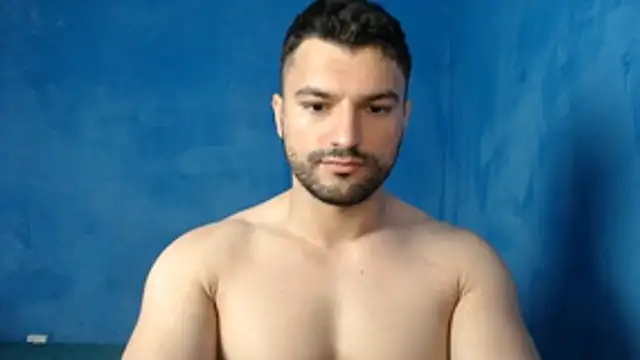 Snapshot of alex_blu chatting on May 29, 9:59 am alex blu online show from May 29, 9:59 am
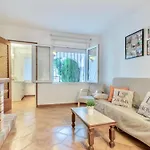 Casa L'Escala, 2 Dormitorios, 5 Personas - Es-325-35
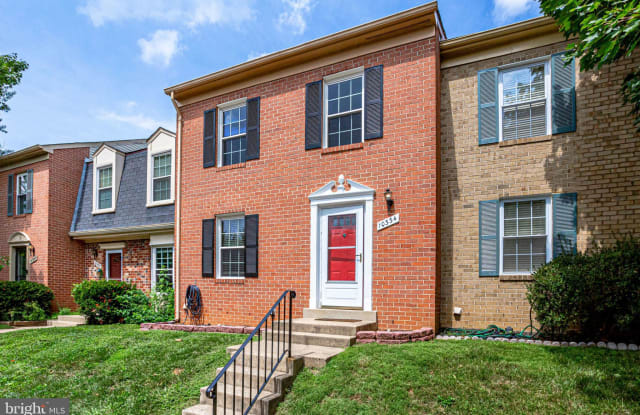10334 GRANITE CREEK LANE - 10334 Granite Creek Lane, Oakton, VA 22124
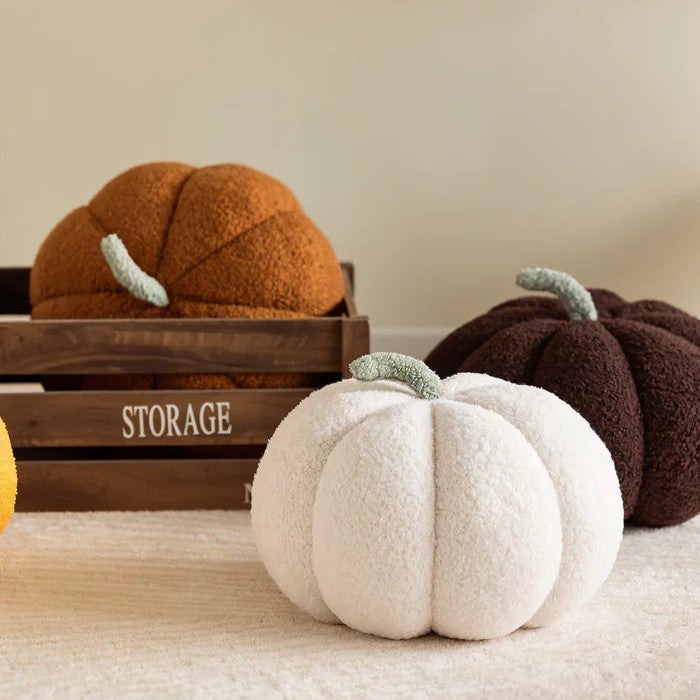 Plush Textured Pumpkin Cushion – Soft Decorative Pillow for Cozy Interiors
★ ★ ★
Once the pictures are set aside, give the listing again word for word.

Finished task:
 Snapshot of alex_blu chatting on May 29, 9:59 am alex blu online show from May 29, 9:59 am
 Casa L'Escala, 2 Dormitorios, 5 Personas - Es-325-35
10334 GRANITE CREEK LANE - 10334 Granite Creek Lane, Oakton, VA 22124
 Plush Textured Pumpkin Cushion – Soft Decorative Pillow for Cozy Interiors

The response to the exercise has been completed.